The problem with these is that genfs_rename_enter_separate in B or C
tried lock order .->d->c->e (in A/B, fdvp->tdvp->fvp->tvp; in A/C,
tdvp->fdvp->tvp->fvp) which violates the ancestor->descendant order
.->c->d->e.

The resolution is to change B to do fdvp->fvp->tdvp->tvp and C to do
tdvp->tvp->fdvp->fvp.  But there's an edge case: tvp and fvp might be
the same (hard links), and we can't detect that until after we've
looked them both up -- and in some file systems (I'm looking at you,
ufs), there is no mere lookup operation, only lookup-and-lock, so we
can't even hold the lock on one of tvp or fvp when we look up the
other one if there's a chance they might be the same.

Fortunately the cases
(a) tvp = fvp
(b) tvp or fvp is a directory
are mutually exclusive as long as directories cannot be hard-linked.
In case (a) we can just defer locking {tvp, fvp} until the end, because
it can't possibly have {fdvp or fvp, tdvp or tvp} as descendants.  In
case (b) we can just lock them in the order fdvp->fvp->tdvp->tvp or
tdvp->tvp->fdvp->fvp if the first one of {fvp, tvp} is a directory,
because it can't possibly coincide with the second one of {fvp, tvp}.
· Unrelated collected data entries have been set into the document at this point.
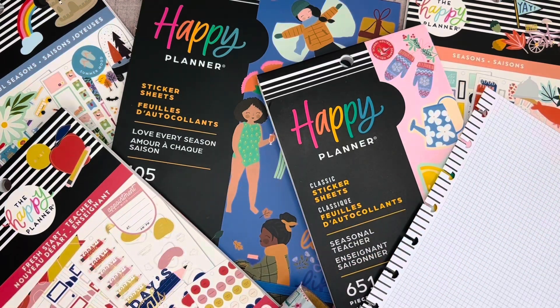Hi friends! Welcome back to my channel. This is Taisha with Organized Plans. I want to start by thanking all of my subscribers for spending some time with me today. And if you're new to my channel and haven't subscribed yet, I would love to have you.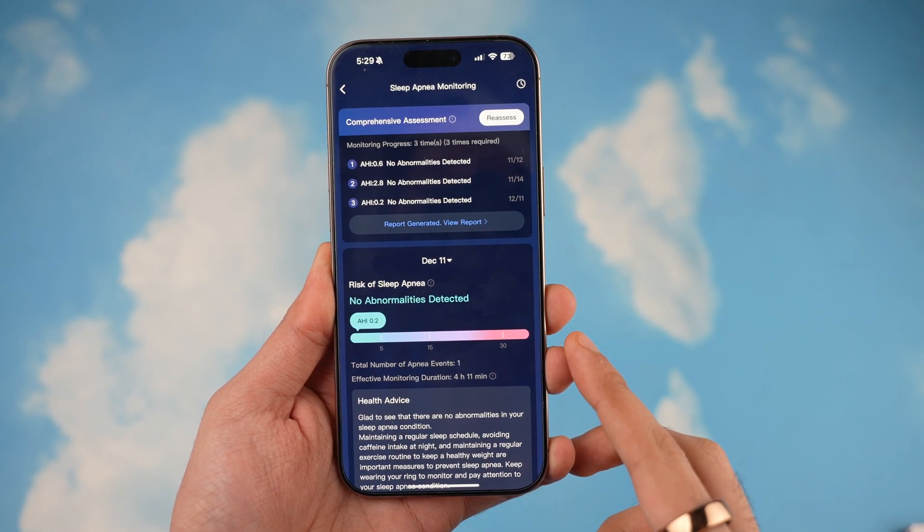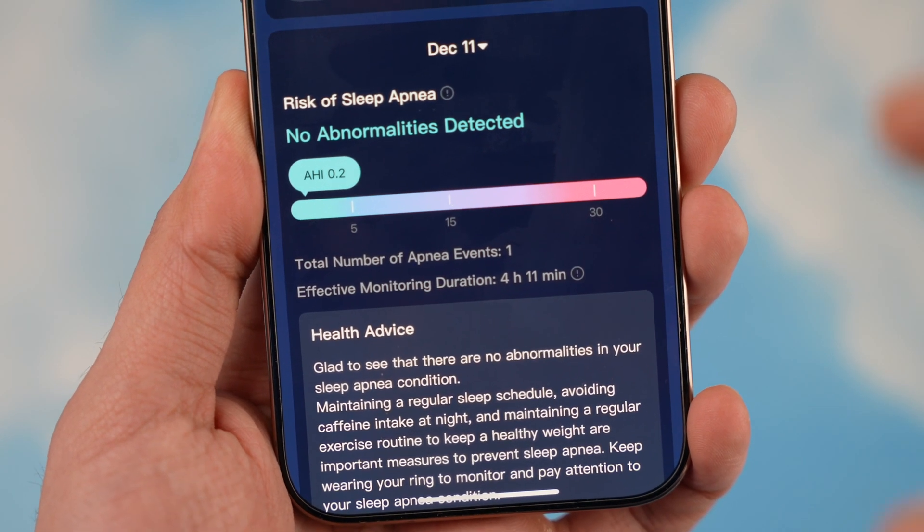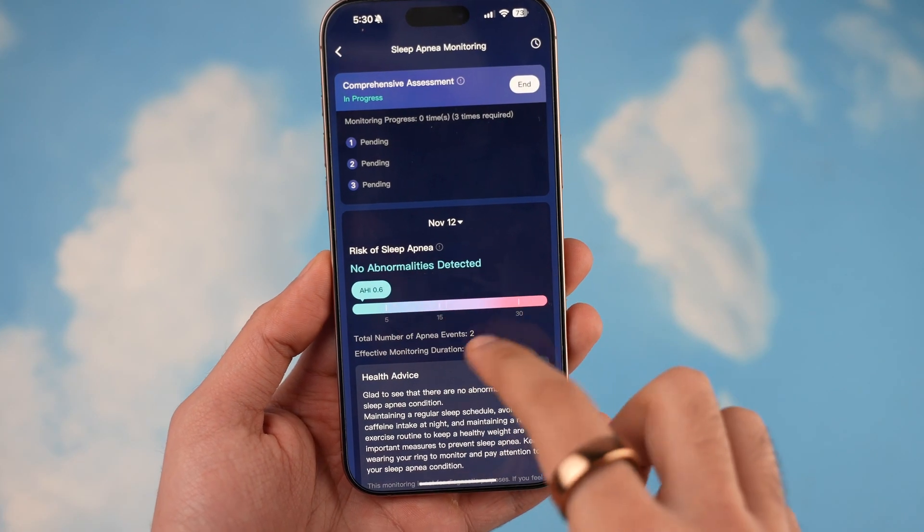Starting with sleep tracking — this includes sleep apnea monitoring as well. As you can see, it has been tracking my sleep and it currently says I don't have any sleep apnea issues. It does its daily assessment so you will be kept updated.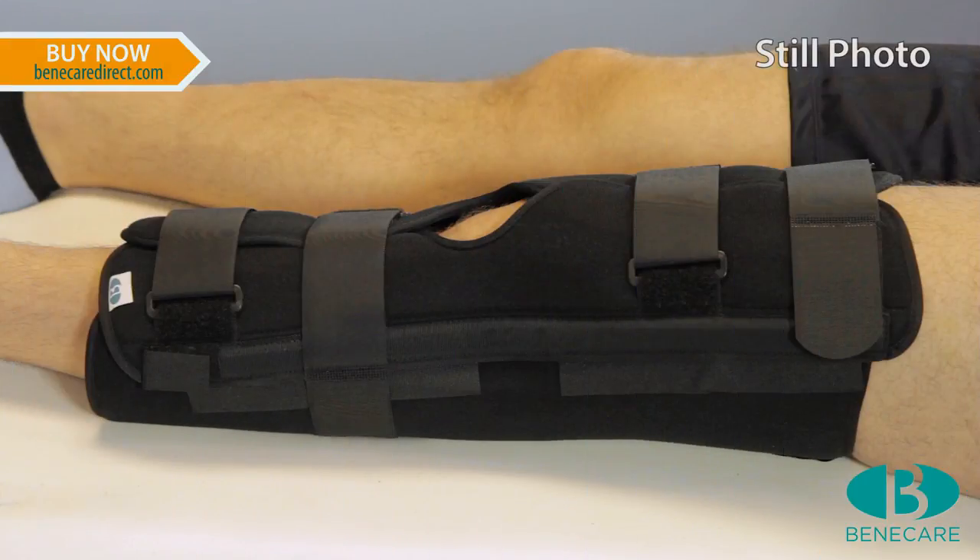The splint should fit approximately 10cm from the groin and 10cm above the ankle. Choose the appropriate size splint suitable for the length of the leg.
With this change, we can now prove that the locking order is consistent
with the ancestor->descendant partial ordering.  Where two nodes are
incommensurate under that partial ordering, they are only ever locked
by rename and there is only ever one rename at a time.

Proof:

- For same-directory renames, genfs_rename_enter_common locks the
  directory first and then the children.  The order
  directory->child[i] is consistent with ancestor->descendant and
  child[0]/child[1] are incommensurate.

- For cross-directory renames:

  . While a rename is in progress and the fs-wide rename lock is held,
    directories can be created or removed but not changed, so the
    outcome of gro_genealogy -- which, given fdvp and tdvp, returns
    the node N relating fdvp/N/.../tdvp or null if there is none --
    can only transition from finding N to not finding N, if one of
    the directories is removed while any of the vnodes are unlocked.
    Merely creating directories cannot change the ancestry of tdvp,
    and concurrent renames are not possible.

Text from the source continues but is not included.